Episode 3 — NodeJS MongoDB Backend Architecture / 3.11 — Database Optimization
3.11 — Interview Questions: Database Optimization
These 12 questions cover the most commonly asked MongoDB optimization topics in technical interviews — from beginner fundamentals to advanced aggregation patterns.
< Exercise Questions | Quick Revision >
Quick-Fire Table
| # | Question | Level | Key Topic |
|---|---|---|---|
| 1 | What is an index in MongoDB? | Beginner | Indexing basics |
| 2 | What is the difference between COLLSCAN and IXSCAN? | Beginner | explain() |
| 3 | How does a compound index work? | Beginner | Index types |
| 4 | What is the ESR rule? | Intermediate | Index design |
| 5 | What is a covered query? | Intermediate | Performance |
| 6 | How does the aggregation pipeline work? | Intermediate | Aggregation |
| 7 | Explain $lookup and its limitations | Intermediate | Joins |
| 8 | What is $facet and when would you use it? | Intermediate | Advanced aggregation |
| 9 | How do you handle the 100MB aggregation memory limit? | Intermediate | Performance |
| 10 | When should you NOT create an index? | Advanced | Index strategy |
| 11 | How would you optimize a slow MongoDB query in production? | Advanced | Debugging |
| 12 | Compare $merge and $out. When do you use each? | Advanced | Advanced aggregation |
Beginner Level
Q1. What is an index in MongoDB and why is it important?
Model Answer:
An index is a B-tree data structure that maps field values to the documents containing those values. It works like the index at the back of a textbook — instead of scanning every document in a collection (collection scan, O(n)), MongoDB can use the index to jump directly to matching documents (index scan, O(log n)).
Indexes are important because:
- They dramatically speed up read queries — from O(n) to O(log n)
- They enable efficient sorting without loading all documents into memory
- Unique indexes enforce data constraints at the database level
- TTL indexes automatically expire documents (sessions, tokens)
The tradeoff is that indexes slow down write operations because every insert, update, or delete must also update all indexes on the collection.
// Without index: scans all 1M documents (~1000ms)
// With index: B-tree lookup (~1ms)
db.users.createIndex({ email: 1 }, { unique: true });
Q2. What is the difference between COLLSCAN and IXSCAN?
Model Answer:
These are execution stages shown in explain() output:
-
COLLSCAN (Collection Scan): MongoDB reads every document in the collection to find matches. This is O(n) and very slow on large collections. It means no suitable index exists for the query.
-
IXSCAN (Index Scan): MongoDB uses a B-tree index to locate matching documents. This is O(log n) and significantly faster. Only the relevant index entries and matching documents are read.

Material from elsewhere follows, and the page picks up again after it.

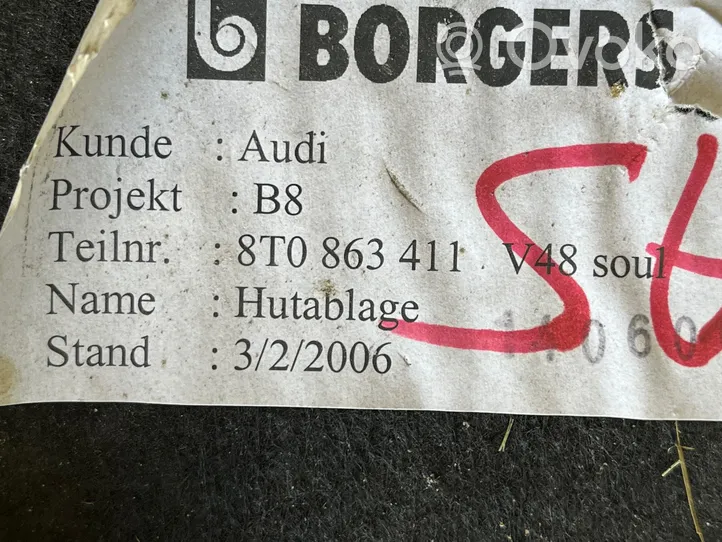 Audi A5 8T 8F Półka tylna bagażnika 8T0863411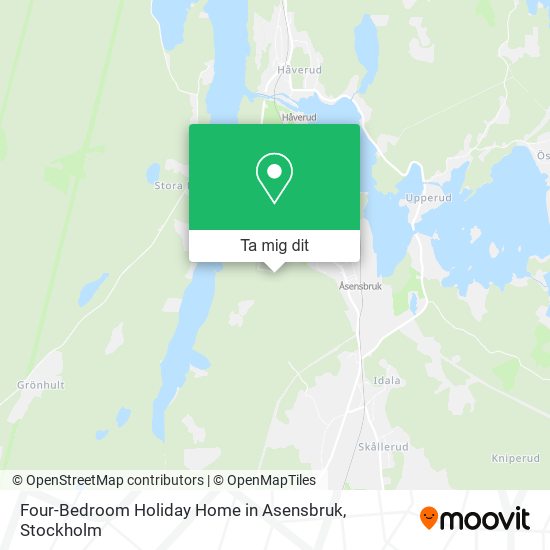 Four-Bedroom Holiday Home in Asensbruk karta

// Check which scan a query uses:
db.users.find({ email: "alice@example.com" }).explain("executionStats");
// Look at executionStages.stage: "IXSCAN" or "COLLSCAN"
Key metrics to compare:
totalDocsExamined: COLLSCAN examines ALL docs; IXSCAN examines only matchestotalKeysExamined: 0 for COLLSCAN; close to nReturned for IXSCANexecutionTimeMillis: COLLSCAN is dramatically slower on large collections
Q3. How does a compound index work and what is the index prefix rule?
Model Answer:
A compound index indexes multiple fields in a specific order. The field order is crucial because a compound index supports queries on any prefix of its fields, but not on arbitrary subsets.
// Compound index
db.orders.createIndex({ status: 1, createdAt: -1, total: 1 });
// This index supports these queries (using prefixes):
db.orders.find({ status: "active" }); // prefix: status
db.orders.find({ status: "active", createdAt: { $gte: date } }); // prefix: status, createdAt
db.orders.find({ status: "active" }).sort({ createdAt: -1 }); // prefix: status + sort on createdAt
// These queries CANNOT use the index efficiently:
db.orders.find({ createdAt: { $gte: date } }); // skips status (first field)

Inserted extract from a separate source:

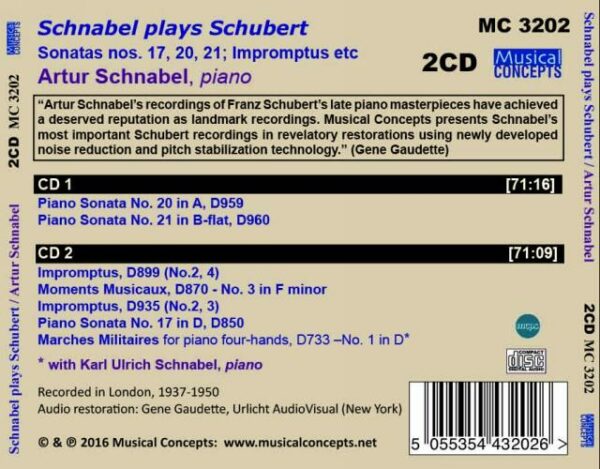 Schubert: Sonatas Nos 17, 20, 21; Impromptus - Artur Schnabel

db.orders.find({ total: { $gt: 100 } }); // skips status and createdAt
Direction matters for compound indexes in sort operations. If the index is { a: 1, b: -1 }, it supports sorts { a: 1, b: -1 } and { a: -1, b: 1 } (exact reverse), but not { a: 1, b: 1 }.
Intermediate Level
Q4. What is the ESR rule and how do you apply it?
Model Answer:
The ESR rule defines the optimal field order for compound indexes:
- E (Equality): Fields tested for exact match go first — they narrow results most effectively
- S (Sort): Fields used in sort order go second — allows the index to provide sorted results without in-memory sort
- R (Range): Fields with range conditions (
$gte,$lte,$in) go last — range scans after equality and sort are most efficient
// Query:
db.orders.find({
customerId: "abc123", // E - Equality
total: { $gte: 50 } // R - Range
}).sort({ createdAt: -1 }); // S - Sort
// Optimal index (ESR order):
db.orders.createIndex({ customerId: 1, createdAt: -1, total: 1 });
// E S R
Putting range before sort forces MongoDB to do an in-memory sort, which is slower and limited to 100MB. ESR order avoids this.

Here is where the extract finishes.